— Aim of the exercise —
Return only this: the line with "DROP CUFF BRACELET" and all the lines that follow it below, through the final one, exactly as they are.

— Records to process —
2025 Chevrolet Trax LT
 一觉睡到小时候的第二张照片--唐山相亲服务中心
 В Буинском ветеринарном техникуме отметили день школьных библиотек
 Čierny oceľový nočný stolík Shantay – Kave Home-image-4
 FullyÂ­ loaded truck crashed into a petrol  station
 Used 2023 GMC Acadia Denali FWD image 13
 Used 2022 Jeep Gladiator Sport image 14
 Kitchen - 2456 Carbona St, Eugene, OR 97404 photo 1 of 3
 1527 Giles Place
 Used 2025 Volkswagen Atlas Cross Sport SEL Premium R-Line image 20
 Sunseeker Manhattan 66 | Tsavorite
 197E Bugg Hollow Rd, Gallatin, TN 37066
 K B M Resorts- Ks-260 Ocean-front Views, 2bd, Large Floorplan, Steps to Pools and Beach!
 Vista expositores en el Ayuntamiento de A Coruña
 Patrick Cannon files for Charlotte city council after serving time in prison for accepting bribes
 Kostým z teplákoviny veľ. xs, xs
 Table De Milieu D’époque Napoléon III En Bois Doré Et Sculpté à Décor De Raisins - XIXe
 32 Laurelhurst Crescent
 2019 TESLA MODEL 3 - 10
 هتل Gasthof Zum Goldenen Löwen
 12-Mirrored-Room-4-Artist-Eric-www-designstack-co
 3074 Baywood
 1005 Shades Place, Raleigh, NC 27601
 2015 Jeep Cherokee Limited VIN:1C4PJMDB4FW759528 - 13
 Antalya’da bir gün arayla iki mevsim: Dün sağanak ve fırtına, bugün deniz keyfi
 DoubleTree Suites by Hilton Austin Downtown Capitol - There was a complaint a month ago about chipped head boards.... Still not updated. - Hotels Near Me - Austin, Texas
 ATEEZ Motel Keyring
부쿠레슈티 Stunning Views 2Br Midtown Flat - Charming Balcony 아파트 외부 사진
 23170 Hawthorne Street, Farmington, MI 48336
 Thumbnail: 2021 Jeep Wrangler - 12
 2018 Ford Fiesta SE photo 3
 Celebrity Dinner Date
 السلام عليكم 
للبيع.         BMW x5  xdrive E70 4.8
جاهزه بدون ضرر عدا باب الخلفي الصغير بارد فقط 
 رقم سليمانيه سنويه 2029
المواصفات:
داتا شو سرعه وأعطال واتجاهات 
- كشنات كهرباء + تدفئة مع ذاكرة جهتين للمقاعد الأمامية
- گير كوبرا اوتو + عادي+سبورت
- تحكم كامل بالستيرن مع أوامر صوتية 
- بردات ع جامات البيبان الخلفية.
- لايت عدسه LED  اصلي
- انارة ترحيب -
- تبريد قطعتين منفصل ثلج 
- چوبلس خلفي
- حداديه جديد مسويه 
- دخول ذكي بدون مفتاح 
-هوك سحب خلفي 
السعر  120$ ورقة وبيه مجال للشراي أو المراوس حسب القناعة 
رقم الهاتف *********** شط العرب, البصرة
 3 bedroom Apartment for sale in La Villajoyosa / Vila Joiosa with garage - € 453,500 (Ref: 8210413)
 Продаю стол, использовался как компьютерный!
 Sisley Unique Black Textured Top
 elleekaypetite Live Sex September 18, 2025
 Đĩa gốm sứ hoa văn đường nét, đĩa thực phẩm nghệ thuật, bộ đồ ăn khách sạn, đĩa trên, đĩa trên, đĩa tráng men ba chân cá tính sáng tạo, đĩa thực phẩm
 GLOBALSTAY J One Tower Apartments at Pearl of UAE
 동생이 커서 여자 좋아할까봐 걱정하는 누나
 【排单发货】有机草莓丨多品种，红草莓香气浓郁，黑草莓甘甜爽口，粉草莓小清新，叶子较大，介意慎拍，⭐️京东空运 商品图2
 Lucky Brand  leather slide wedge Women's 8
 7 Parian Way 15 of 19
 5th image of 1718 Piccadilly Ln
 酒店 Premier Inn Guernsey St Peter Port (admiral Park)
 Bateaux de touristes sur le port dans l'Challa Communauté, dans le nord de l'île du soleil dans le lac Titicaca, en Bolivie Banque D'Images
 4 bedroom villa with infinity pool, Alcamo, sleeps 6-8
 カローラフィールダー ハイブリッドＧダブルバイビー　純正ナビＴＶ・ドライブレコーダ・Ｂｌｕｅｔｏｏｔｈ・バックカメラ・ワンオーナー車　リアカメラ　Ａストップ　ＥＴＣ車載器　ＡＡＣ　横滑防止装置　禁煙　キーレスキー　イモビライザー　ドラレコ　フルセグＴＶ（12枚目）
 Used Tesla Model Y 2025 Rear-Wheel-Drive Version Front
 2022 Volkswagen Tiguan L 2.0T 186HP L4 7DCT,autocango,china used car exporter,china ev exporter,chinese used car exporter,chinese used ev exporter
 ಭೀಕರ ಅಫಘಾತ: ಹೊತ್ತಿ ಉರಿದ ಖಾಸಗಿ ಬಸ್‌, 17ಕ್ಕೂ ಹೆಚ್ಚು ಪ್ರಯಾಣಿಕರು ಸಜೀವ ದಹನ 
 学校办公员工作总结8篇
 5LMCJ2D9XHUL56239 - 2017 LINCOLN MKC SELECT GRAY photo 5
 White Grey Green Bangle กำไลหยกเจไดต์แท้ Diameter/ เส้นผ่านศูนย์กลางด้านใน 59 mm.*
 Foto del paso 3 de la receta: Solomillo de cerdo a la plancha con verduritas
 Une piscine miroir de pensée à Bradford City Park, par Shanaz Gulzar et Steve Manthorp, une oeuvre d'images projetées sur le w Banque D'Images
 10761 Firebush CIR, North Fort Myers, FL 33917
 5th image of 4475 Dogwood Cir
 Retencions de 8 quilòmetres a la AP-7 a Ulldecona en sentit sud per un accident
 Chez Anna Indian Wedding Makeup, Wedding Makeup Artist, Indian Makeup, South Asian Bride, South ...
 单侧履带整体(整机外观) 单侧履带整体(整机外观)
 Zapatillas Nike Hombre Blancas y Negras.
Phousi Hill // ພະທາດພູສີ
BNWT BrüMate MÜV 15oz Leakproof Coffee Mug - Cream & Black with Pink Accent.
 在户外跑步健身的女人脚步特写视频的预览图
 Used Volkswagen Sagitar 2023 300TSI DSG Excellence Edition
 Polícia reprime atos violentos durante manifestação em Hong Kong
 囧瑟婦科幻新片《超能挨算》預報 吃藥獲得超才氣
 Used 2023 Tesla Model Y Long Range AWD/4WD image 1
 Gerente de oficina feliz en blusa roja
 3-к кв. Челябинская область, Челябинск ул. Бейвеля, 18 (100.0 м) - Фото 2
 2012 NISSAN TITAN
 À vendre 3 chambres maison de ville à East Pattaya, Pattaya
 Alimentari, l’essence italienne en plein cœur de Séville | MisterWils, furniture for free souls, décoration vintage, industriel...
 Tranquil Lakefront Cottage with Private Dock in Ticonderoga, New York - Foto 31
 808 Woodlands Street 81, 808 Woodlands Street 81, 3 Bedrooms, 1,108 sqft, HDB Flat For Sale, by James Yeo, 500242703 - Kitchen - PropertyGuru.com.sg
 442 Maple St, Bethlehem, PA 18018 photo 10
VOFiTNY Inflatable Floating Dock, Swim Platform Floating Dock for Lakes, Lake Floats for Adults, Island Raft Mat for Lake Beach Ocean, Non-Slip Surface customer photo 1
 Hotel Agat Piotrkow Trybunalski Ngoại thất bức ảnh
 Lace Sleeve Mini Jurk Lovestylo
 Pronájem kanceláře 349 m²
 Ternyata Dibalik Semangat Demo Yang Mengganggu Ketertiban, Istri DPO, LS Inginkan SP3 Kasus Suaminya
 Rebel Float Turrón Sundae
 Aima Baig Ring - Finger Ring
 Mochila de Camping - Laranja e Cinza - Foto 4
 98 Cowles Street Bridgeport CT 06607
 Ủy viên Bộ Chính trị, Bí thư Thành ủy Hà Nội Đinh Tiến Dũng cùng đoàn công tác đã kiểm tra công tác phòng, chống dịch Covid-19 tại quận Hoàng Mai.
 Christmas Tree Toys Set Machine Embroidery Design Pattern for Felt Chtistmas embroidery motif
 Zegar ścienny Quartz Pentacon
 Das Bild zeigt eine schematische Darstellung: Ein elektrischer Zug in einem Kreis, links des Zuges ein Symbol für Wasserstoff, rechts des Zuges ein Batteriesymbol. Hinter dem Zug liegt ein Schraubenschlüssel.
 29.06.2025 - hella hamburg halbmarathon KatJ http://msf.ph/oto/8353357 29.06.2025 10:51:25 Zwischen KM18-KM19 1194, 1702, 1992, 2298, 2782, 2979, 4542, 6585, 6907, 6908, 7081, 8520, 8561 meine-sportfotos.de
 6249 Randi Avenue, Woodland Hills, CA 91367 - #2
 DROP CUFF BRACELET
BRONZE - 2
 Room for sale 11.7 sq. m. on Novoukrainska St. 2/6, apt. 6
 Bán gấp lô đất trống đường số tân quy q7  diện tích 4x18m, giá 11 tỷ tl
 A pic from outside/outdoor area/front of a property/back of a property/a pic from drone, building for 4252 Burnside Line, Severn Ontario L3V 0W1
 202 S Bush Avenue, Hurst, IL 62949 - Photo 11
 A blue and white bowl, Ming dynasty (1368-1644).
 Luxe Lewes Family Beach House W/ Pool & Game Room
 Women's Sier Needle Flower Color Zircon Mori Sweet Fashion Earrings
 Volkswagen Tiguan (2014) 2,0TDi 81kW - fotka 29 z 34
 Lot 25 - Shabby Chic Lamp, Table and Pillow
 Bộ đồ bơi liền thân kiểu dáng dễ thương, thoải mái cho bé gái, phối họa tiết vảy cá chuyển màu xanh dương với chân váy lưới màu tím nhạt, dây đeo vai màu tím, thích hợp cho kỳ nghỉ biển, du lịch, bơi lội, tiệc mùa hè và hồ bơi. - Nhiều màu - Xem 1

— Solution to the problem —
 DROP CUFF BRACELET
BRONZE - 2
 Room for sale 11.7 sq. m. on Novoukrainska St. 2/6, apt. 6
 Bán gấp lô đất trống đường số tân quy q7  diện tích 4x18m, giá 11 tỷ tl
 A pic from outside/outdoor area/front of a property/back of a property/a pic from drone, building for 4252 Burnside Line, Severn Ontario L3V 0W1
 202 S Bush Avenue, Hurst, IL 62949 - Photo 11
 A blue and white bowl, Ming dynasty (1368-1644).
 Luxe Lewes Family Beach House W/ Pool & Game Room
 Women's Sier Needle Flower Color Zircon Mori Sweet Fashion Earrings
 Volkswagen Tiguan (2014) 2,0TDi 81kW - fotka 29 z 34
 Lot 25 - Shabby Chic Lamp, Table and Pillow
 Bộ đồ bơi liền thân kiểu dáng dễ thương, thoải mái cho bé gái, phối họa tiết vảy cá chuyển màu xanh dương với chân váy lưới màu tím nhạt, dây đeo vai màu tím, thích hợp cho kỳ nghỉ biển, du lịch, bơi lội, tiệc mùa hè và hồ bơi. - Nhiều màu - Xem 1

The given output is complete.